About 553,000 consumers chose insurance plans through HealthCare.gov between Nov. 1 and Nov. 7, according to federal figures. (Andrew Harnik/AP)

Compared with a year ago, more Americans signed up for health plans during the opening week of the enrollment season on the federal insurance exchange, although the number of first-time customers lagged.

About 553,000 consumers chose insurance plans through HealthCare.gov between Nov. 1 and Nov. 7, according to federal figures.

That volume is almost 20 percent greater than during the first week of enrollment in 2014. The proportion of plan renewals increased, while newcomers fell to about one-third of enrollees from nearly half last year — a decrease of about 37,000 people.

These and other figures are part of a snapshot issued Thursday by Department of Health and Human Services officials that shows how the federal insurance marketplace created under the Affordable Care Act is faring during its third annual sign-up period. The enrollment season continues through January.

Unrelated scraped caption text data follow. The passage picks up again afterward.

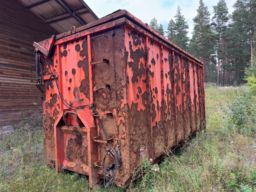 Lastväxlarcontainer med täckning 40 m3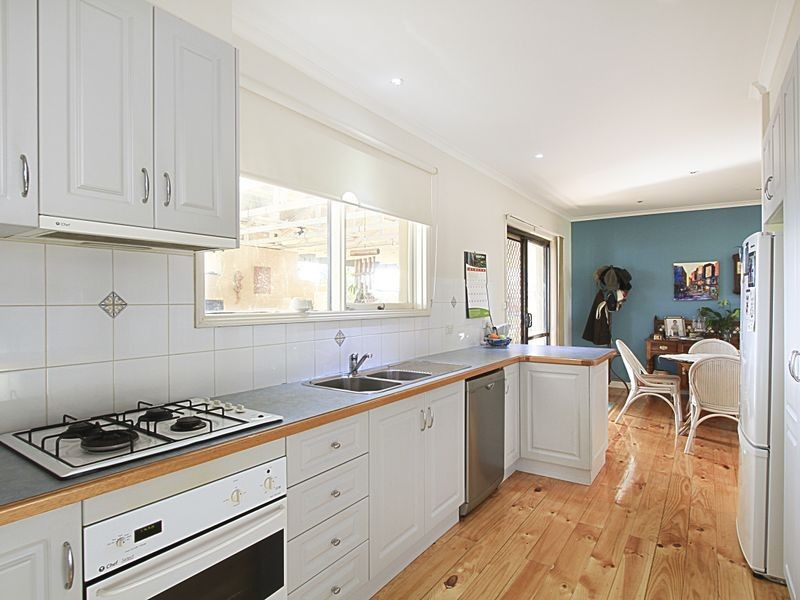 21 Thomson Street, Stratford VIC 3862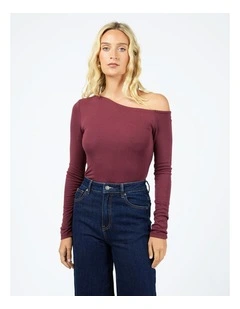 Kylie Off Shoulder Long Sleeve Top in Burgundy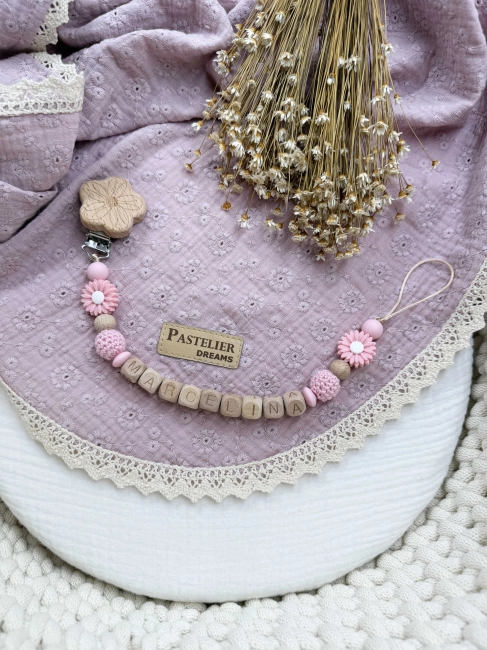 Personalizowana zawieszka do smoczka wykonana z naturalnego drewna oraz silikonowych koralików. Z imieniem dziecka – praktyczna, wyjątkowa i piękna ozdoba dla maluszka. Idealna na prezent.
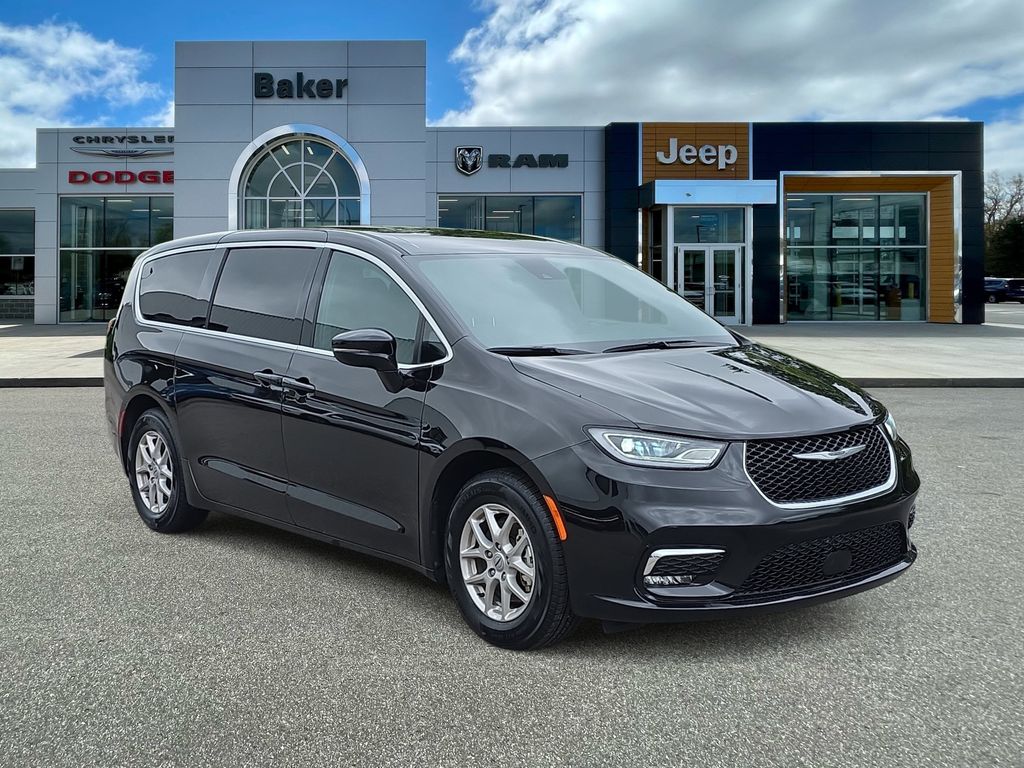 2025 Chrysler Pacifica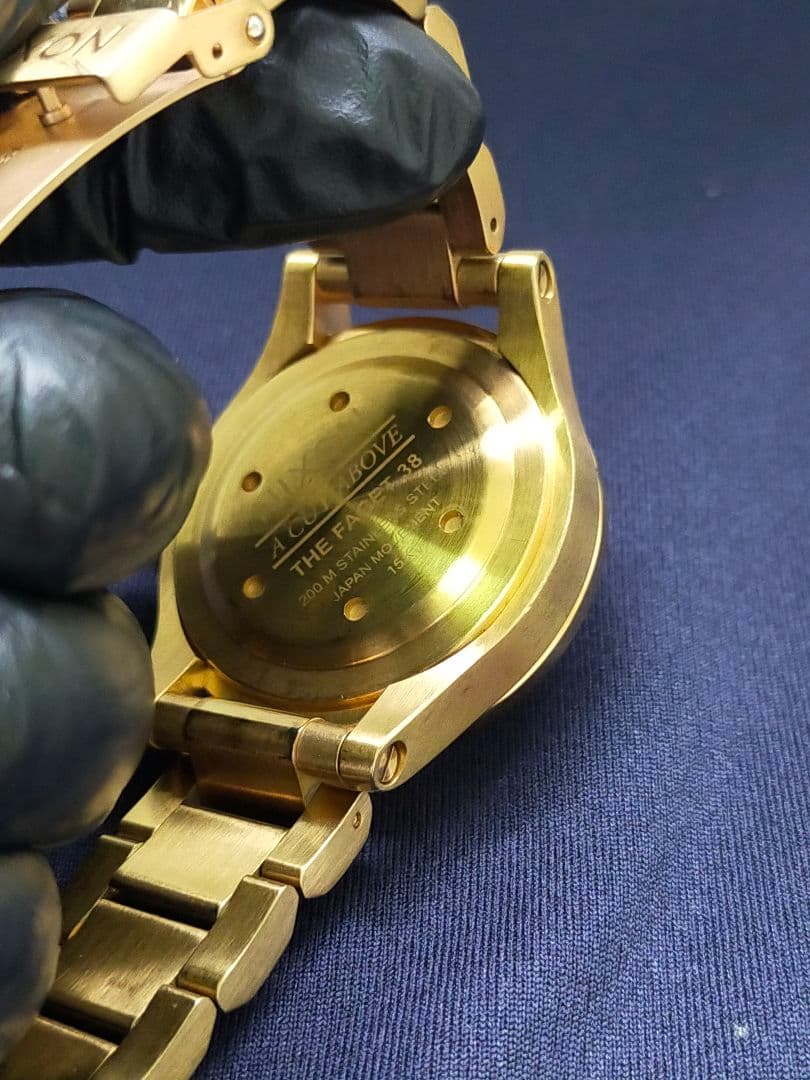 NIXON Gold Series Analog Men's Watch — Japanese
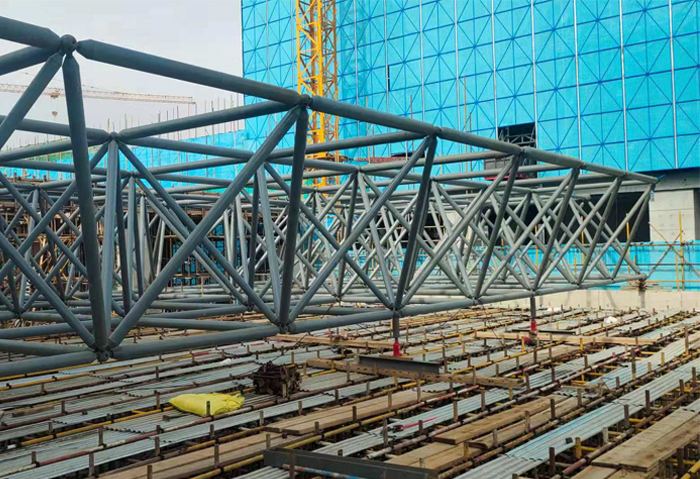 冷水江高铁东总部基地2号楼网架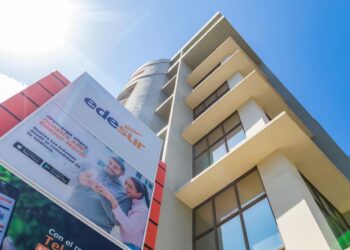 Edesur Dominicana comunica rotura de cables por retroexcavadora origina interrupción de energía en Santo Domingo Oeste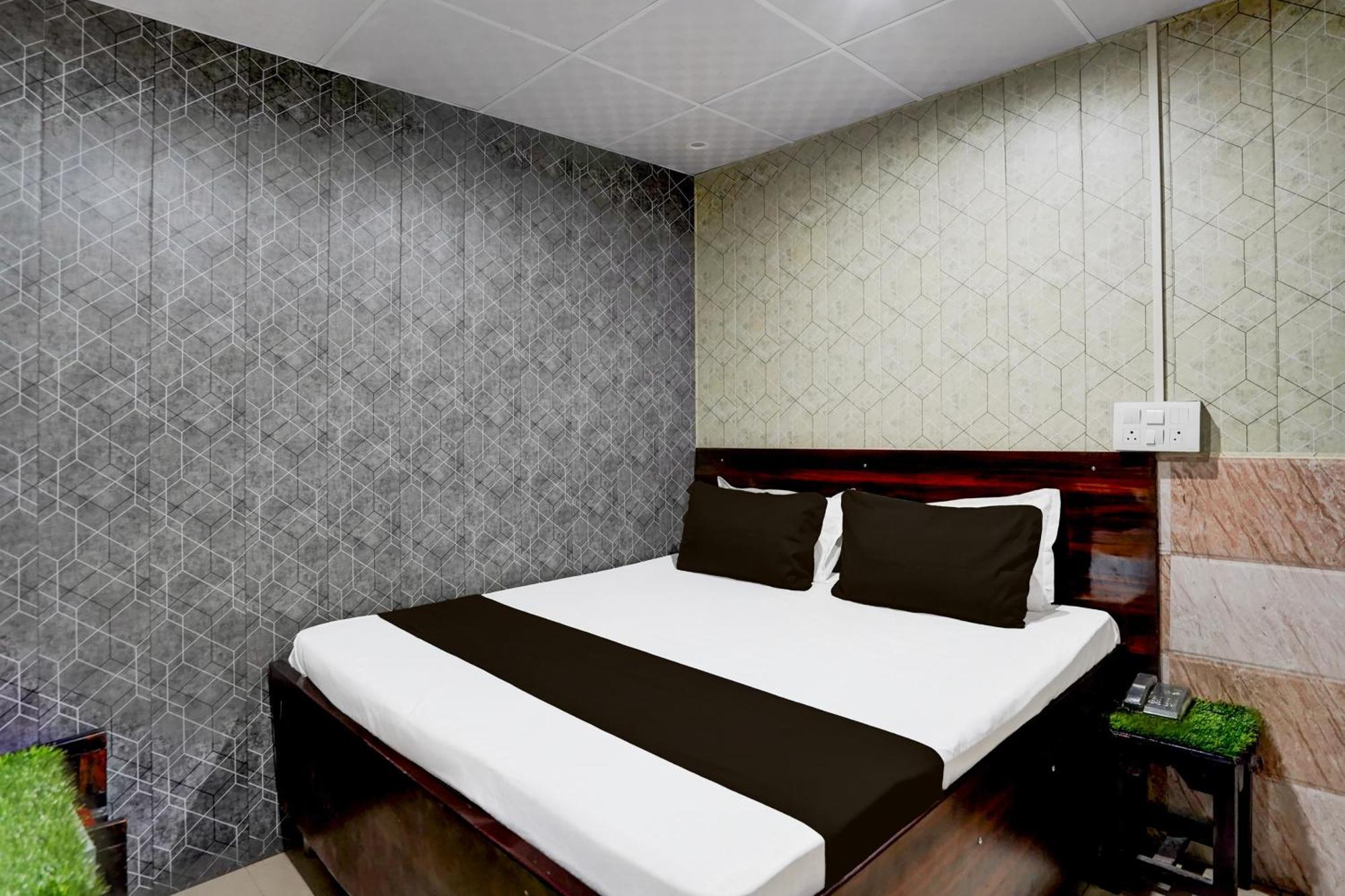 Hotel O Anant Ghaziabad Exterior photo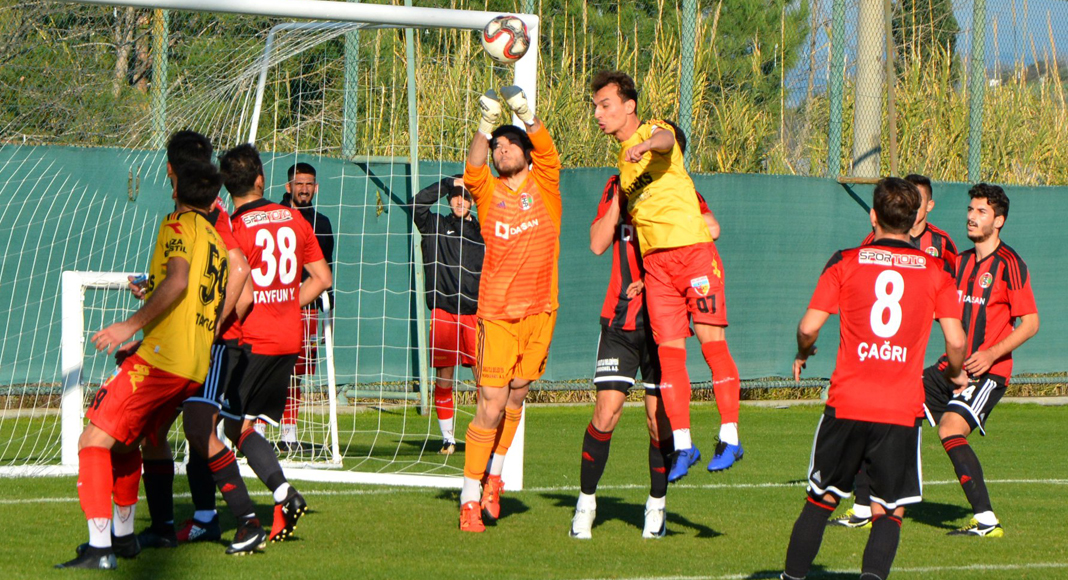 KIZILCABÖLÜKSPOR, NAZİLLİ İLE OYNUYOR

The smaller share of newcomers is consistent with recent predictions by federal health officials and outside health-policy experts that attracting additional uninsured Americans to HealthCare.gov would prove more difficult.

HHS Secretary Sylvia Mathews Burwell has said that federal marketing efforts for this enrollment season will focus on the estimated 10.5 million uninsured people who are eligible for coverage through HealthCare.gov because they do not have access to affordable health benefits through a job. HHS officials have estimated that 1 in 4 in that group would sign up for coverage, despite the escalating financial penalties for those who flout an ACA requirement that most individuals carry insurance.

The snapshot suggests that this season’s marketing efforts are making little headway with Hispanics, a group that remains underrepresented among those who purchase insurance through the exchange. The number of people using the Spanish-language version of HealthCare.gov during the first week of November was one-third less than a year ago. The number who contacted a Spanish-speaking representative at one of the federal call centers around the country fell by half — to about 52,000 from nearly 102,000.

In a blog post Thursday, Burwell sidestepped such early enrollment weak spots, writing, “Whether shopping for health insurance for the very first time or re-enrolling in their Marketplace coverage, people are ready to get covered.”

The figures released Thursday cover 38 states now relying on the federal exchange. A dozen states and the District have created separate insurance marketplaces under the law.